# PROMPT
Once the line containing "618 Sea Pine Way #A2 — Photo 40" is found in the entries below, restate it and each following line word for word, stopping after the line containing "Brugt VW Golf".

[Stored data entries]
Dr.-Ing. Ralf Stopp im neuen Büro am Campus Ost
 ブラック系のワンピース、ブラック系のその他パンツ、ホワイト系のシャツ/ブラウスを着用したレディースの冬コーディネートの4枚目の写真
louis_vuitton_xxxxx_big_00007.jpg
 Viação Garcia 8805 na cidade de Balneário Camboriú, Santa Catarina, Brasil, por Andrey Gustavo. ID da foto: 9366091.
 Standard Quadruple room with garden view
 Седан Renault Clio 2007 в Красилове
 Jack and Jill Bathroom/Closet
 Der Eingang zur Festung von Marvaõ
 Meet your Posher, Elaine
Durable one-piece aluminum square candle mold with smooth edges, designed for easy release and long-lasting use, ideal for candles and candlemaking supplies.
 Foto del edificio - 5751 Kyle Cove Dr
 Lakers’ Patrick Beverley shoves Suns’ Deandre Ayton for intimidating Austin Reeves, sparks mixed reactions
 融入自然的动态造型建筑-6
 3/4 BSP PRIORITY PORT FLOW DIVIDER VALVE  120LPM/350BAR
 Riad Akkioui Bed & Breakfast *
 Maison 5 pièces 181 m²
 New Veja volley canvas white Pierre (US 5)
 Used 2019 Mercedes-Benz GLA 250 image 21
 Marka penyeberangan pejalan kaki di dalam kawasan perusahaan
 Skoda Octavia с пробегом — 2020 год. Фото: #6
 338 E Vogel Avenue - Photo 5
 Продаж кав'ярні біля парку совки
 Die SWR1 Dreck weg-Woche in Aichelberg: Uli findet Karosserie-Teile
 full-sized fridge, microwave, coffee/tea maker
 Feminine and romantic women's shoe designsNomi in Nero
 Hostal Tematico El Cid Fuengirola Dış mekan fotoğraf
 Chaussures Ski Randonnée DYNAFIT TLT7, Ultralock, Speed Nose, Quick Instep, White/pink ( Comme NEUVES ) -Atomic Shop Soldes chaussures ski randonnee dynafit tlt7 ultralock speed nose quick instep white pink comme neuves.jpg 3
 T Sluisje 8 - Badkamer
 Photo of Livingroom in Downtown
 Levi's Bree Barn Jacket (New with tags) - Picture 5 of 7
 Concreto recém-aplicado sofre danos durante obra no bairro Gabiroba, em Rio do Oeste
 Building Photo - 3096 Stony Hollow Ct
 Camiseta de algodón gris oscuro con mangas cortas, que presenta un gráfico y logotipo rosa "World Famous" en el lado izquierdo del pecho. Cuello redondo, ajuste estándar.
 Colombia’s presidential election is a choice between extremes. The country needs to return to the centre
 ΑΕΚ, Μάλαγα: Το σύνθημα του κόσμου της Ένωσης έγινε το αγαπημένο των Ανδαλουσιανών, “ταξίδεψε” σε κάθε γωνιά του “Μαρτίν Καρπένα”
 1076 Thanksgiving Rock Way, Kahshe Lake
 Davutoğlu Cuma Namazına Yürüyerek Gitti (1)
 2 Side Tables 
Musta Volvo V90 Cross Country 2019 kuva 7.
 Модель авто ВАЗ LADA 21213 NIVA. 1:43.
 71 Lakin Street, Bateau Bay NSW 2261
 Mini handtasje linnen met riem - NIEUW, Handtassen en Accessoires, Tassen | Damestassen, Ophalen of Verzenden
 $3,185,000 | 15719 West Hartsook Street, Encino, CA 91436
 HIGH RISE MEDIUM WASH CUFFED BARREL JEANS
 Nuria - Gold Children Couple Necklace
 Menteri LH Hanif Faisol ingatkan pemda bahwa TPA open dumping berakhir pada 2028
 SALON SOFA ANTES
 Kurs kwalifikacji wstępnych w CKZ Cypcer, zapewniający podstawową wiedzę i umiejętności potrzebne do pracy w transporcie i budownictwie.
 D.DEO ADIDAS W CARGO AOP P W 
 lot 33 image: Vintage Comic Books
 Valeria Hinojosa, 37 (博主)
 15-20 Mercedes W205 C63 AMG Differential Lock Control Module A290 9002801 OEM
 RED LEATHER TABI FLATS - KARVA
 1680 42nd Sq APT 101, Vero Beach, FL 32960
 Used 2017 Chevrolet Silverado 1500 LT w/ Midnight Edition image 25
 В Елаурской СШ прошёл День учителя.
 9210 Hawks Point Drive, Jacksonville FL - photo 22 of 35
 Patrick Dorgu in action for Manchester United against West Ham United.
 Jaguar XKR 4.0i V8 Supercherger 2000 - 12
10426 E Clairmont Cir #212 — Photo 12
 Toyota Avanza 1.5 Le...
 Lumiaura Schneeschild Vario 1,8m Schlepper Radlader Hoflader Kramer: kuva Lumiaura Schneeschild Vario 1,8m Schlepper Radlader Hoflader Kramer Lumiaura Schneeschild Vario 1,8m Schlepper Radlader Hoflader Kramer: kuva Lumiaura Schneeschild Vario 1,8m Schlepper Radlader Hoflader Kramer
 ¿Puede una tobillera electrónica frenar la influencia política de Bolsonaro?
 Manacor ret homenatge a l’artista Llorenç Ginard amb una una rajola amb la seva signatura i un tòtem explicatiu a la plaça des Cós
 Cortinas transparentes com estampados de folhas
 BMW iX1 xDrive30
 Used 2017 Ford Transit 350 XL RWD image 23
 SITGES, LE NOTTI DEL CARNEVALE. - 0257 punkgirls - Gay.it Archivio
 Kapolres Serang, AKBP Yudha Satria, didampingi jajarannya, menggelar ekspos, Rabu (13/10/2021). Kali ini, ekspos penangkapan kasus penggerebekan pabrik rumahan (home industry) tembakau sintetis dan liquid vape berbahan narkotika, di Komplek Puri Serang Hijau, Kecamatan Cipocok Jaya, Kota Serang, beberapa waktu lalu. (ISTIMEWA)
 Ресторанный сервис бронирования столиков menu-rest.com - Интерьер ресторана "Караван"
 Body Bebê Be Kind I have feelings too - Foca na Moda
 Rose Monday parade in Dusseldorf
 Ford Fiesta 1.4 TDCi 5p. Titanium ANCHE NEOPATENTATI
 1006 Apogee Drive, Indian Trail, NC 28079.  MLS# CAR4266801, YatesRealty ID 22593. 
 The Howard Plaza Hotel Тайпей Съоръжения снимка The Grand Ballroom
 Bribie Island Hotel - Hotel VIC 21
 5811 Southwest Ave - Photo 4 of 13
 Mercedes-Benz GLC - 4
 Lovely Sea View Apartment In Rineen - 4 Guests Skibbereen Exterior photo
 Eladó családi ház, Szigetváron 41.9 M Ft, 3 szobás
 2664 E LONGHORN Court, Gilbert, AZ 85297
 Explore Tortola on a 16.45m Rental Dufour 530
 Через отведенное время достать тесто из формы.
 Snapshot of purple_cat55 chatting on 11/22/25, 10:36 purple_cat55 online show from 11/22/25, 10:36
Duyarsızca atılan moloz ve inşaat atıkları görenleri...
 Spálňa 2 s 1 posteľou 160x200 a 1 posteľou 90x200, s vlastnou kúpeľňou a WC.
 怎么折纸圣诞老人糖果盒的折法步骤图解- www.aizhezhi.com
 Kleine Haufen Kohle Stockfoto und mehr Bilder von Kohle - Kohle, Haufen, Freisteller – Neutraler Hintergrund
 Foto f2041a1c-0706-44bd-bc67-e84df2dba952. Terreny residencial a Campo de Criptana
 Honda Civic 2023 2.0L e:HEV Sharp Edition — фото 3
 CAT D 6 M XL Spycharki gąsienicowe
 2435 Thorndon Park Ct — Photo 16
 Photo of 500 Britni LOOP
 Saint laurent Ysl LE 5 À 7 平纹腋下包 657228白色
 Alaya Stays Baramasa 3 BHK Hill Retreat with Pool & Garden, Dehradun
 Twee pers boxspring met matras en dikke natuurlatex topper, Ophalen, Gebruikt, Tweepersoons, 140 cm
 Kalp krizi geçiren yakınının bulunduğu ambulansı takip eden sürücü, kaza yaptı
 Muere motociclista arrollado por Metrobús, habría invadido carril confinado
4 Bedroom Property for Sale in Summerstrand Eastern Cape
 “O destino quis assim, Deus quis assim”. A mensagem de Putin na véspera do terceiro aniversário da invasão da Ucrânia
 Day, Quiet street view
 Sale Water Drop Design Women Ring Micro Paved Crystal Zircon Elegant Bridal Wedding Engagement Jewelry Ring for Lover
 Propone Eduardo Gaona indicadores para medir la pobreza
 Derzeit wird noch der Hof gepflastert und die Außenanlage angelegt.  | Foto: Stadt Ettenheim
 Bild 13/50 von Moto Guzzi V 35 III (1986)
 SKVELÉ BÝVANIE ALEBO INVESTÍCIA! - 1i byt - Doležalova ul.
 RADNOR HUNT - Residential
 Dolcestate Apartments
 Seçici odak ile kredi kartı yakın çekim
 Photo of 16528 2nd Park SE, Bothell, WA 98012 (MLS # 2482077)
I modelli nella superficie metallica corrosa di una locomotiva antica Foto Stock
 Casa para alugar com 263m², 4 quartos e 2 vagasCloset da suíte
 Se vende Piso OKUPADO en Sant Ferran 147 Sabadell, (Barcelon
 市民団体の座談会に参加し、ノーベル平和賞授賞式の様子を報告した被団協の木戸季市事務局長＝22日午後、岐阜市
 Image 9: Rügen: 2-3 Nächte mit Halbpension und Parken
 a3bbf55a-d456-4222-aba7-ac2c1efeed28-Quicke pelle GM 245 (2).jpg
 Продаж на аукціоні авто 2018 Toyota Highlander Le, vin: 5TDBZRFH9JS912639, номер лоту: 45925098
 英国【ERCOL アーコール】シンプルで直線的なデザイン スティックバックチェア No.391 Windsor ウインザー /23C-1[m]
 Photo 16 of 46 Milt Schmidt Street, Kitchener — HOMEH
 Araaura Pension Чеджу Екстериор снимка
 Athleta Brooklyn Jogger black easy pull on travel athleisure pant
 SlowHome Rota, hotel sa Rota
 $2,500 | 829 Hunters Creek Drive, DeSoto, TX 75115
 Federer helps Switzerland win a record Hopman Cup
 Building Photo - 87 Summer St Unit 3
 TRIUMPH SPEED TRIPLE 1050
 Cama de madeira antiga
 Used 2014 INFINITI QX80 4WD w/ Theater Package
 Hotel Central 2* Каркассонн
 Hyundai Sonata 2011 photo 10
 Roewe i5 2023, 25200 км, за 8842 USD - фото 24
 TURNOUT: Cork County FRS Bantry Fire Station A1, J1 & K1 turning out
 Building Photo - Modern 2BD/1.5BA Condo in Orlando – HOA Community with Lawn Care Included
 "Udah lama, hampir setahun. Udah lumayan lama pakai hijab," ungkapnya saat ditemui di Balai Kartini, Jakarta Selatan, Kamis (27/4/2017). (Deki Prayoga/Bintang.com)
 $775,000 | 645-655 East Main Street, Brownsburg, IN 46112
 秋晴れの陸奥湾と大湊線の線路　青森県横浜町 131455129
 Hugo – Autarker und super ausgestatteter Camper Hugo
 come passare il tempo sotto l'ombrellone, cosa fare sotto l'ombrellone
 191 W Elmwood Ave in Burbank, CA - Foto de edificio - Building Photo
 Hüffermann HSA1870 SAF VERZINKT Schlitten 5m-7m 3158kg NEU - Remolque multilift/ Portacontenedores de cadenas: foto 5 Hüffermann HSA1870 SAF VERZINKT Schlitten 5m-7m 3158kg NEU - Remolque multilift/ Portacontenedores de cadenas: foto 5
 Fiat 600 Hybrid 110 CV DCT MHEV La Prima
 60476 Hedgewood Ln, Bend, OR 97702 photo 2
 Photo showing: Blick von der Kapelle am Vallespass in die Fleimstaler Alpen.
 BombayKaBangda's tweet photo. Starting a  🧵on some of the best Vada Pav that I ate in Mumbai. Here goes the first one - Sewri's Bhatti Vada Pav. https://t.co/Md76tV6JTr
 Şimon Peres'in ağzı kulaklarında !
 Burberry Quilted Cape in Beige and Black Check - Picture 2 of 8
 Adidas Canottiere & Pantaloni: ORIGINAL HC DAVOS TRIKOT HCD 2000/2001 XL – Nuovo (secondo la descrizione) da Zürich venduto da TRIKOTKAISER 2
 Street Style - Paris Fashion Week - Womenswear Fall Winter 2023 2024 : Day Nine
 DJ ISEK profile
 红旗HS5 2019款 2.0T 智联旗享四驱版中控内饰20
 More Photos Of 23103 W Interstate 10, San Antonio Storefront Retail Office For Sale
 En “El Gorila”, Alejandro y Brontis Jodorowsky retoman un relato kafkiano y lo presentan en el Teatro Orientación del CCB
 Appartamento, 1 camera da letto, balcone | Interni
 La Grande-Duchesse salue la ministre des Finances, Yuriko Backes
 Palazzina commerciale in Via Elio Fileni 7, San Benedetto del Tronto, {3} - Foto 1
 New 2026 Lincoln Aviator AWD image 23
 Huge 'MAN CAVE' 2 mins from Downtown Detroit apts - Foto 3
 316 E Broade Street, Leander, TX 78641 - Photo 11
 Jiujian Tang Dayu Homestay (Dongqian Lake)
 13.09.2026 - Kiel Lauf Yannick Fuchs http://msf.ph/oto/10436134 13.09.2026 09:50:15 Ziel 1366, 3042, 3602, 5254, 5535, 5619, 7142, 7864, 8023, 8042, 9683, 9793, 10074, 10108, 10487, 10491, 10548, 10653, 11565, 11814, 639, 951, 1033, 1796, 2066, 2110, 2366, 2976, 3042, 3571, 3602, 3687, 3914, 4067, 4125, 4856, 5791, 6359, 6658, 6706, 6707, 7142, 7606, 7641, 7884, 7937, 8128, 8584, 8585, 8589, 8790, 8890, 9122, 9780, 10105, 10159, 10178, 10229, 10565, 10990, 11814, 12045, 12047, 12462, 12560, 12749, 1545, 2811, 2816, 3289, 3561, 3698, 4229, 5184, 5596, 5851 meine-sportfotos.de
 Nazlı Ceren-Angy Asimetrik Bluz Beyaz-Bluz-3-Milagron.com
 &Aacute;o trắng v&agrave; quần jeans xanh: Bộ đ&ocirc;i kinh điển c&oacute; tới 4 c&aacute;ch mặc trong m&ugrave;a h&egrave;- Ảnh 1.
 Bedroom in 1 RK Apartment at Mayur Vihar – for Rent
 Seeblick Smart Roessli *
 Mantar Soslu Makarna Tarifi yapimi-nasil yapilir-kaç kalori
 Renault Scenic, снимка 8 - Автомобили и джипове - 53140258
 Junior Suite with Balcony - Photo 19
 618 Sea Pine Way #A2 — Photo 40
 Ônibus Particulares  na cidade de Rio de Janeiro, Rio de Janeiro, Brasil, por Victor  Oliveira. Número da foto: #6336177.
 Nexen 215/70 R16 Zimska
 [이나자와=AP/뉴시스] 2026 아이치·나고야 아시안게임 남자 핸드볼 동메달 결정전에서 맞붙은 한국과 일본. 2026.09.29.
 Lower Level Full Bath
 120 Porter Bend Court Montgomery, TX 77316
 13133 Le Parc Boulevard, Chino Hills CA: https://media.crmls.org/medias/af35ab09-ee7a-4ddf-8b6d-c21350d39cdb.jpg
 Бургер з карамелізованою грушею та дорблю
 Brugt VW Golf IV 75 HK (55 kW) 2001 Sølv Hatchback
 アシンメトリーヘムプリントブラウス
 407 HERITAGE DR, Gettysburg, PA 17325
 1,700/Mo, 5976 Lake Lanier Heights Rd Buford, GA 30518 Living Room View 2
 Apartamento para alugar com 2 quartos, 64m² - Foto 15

# YOUR RESPONSE
 618 Sea Pine Way #A2 — Photo 40
 Ônibus Particulares  na cidade de Rio de Janeiro, Rio de Janeiro, Brasil, por Victor  Oliveira. Número da foto: #6336177.
 Nexen 215/70 R16 Zimska
 [이나자와=AP/뉴시스] 2026 아이치·나고야 아시안게임 남자 핸드볼 동메달 결정전에서 맞붙은 한국과 일본. 2026.09.29.
 Lower Level Full Bath
 120 Porter Bend Court Montgomery, TX 77316
 13133 Le Parc Boulevard, Chino Hills CA: https://media.crmls.org/medias/af35ab09-ee7a-4ddf-8b6d-c21350d39cdb.jpg
 Бургер з карамелізованою грушею та дорблю
 Brugt VW Golf IV 75 HK (55 kW) 2001 Sølv Hatchback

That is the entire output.